July 8, 2004 By Kyle Gann
The suit in which the record label Hyperion is being forced to pay royalties to the musicologist who edited the music of Michel-Richard de Lalande (1657-1726), linked by Arts Journal, does sound bogus and unfortunate. Musicologists have their own well-trodden career paths, and to tempt them to gear their research toward commercial interests sounds like an invitation to chaos at worst and superfi ciality at best. But for a moment the story conjured up a plan I've always secretly nurtured. Follow this logic:
Mozart made appallingly little money on his music during his short life, and were he still alive today, his royalties would doubtless amount to billions a year. Meanwhile, musical ensembles today have a financial incentive to play dead composers rather than living ones, because they don't have to pay the dead ones royalties.
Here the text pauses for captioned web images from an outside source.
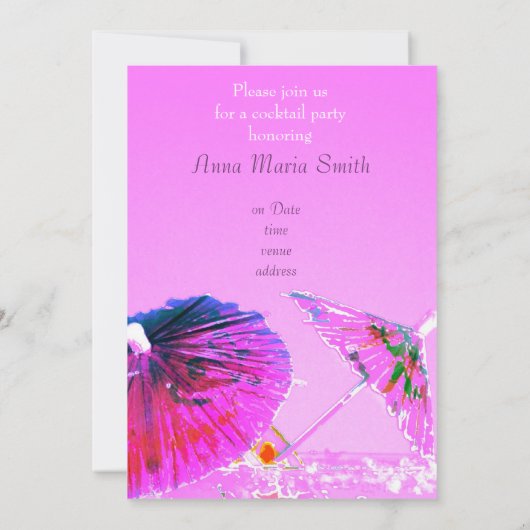 Cocktail met cocktailparaplu's kaart (Achterkant)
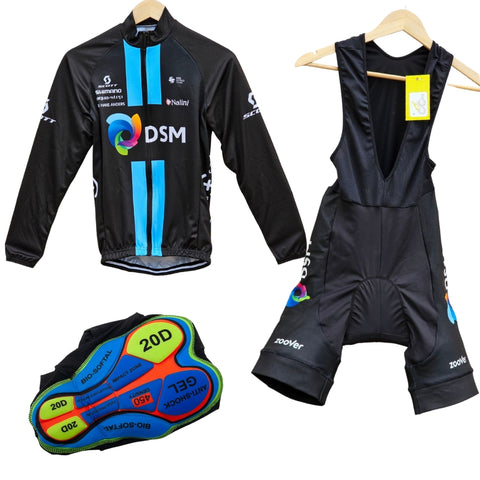 DSM 2024 High Quality Cycling Jersey Pro Bicycle Team Cycling Bib Shorts and Full/Half Sleeve GelPad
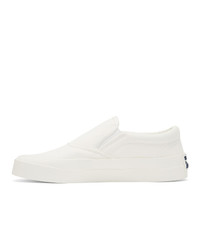 MAISON KITSUNE White Canvas Slip On Sneakers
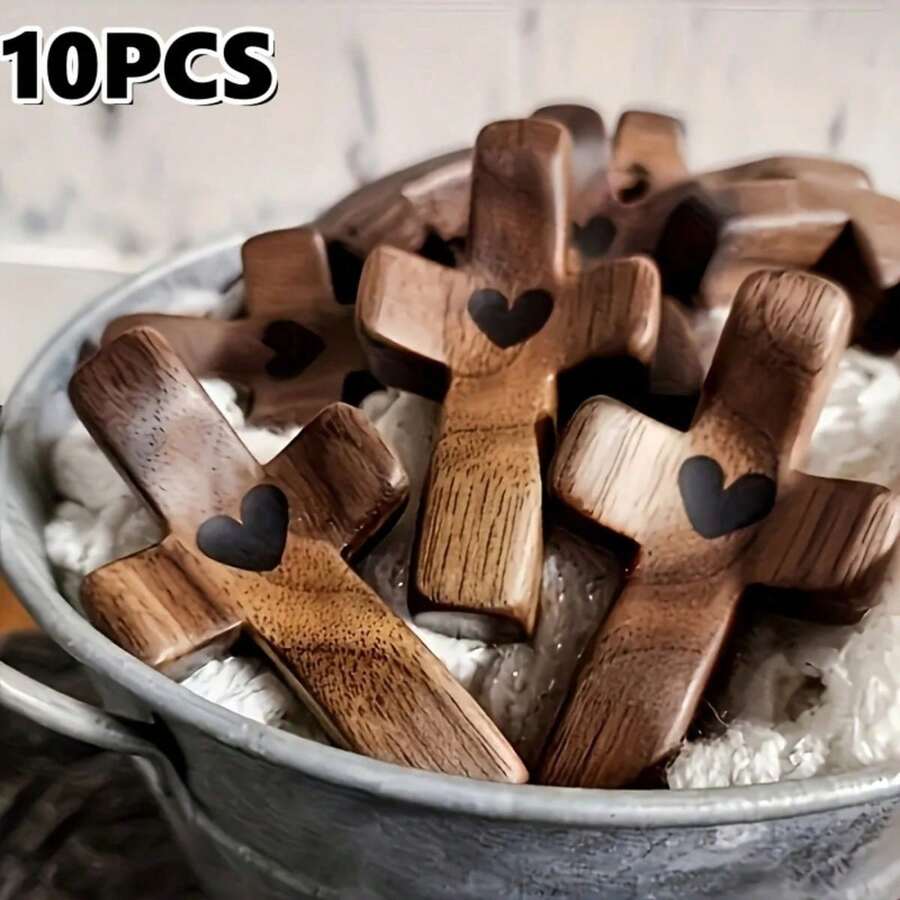 1/3/5/10/20 pezzi Croci in legno vintage con dettagli a forma di cuore - Croci cristiane portatili adatte per preghiera, conforto e esposizione da tavolo - Croci in legno multifunzionali adatte per decorazione domestica e regali religiosi, decorazioni stagionali, loghi e targhe
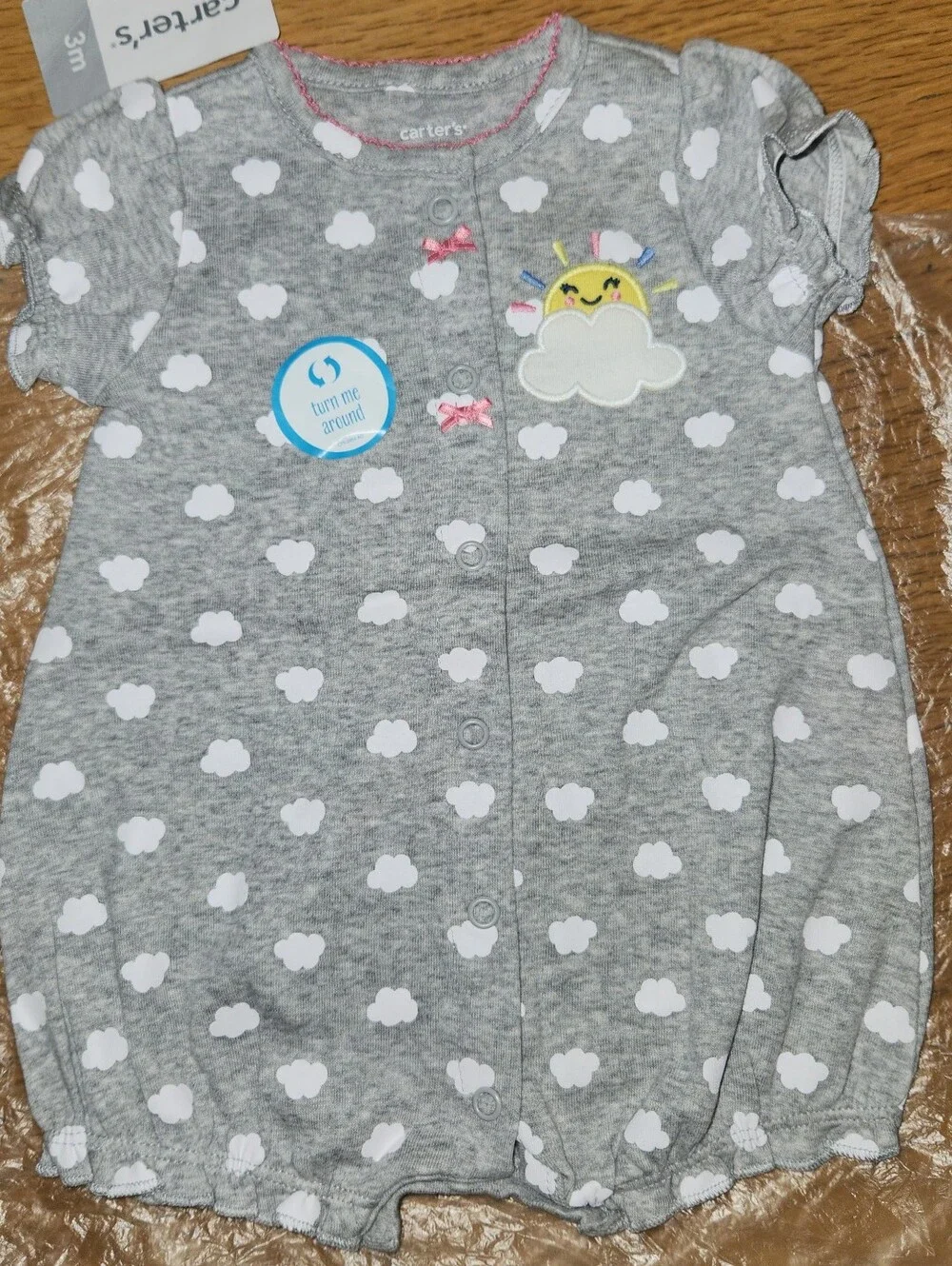 NWT Carter's Gray Cloud Romper with Clouds, Sun, & Rainbow Applique 3M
I've always thought we should reverse that: that some ASCAP- or BMI-like organization should collect royalties on music by dead composers, which could then be distributed among the living ones, on the well-established theory that classical composers (at least the good ones) get a lot more performances after they're dead than while they're living. You'd need sort of an old-fashioned guild system that composers would have to be inducted into to qualify for the benefits - which ASCAP and BMI already are, to some extent that could be feasibly extended. Today's composers could be living off of Wagner's and Stravinsky's divided royalties, and the next generation of composers could live off of our music. Or, ensembles would at least find it cheaper, if nothing else, to play music by living composers.
I know, I know, it'll happen when Nader is elected president and Halliburton decides to turn over all its profi ts toward subsidizing housing for low-income families. But all my life I've mused over it as a more just system for an art form in which the true worth of a piece of music may not emerge for decades.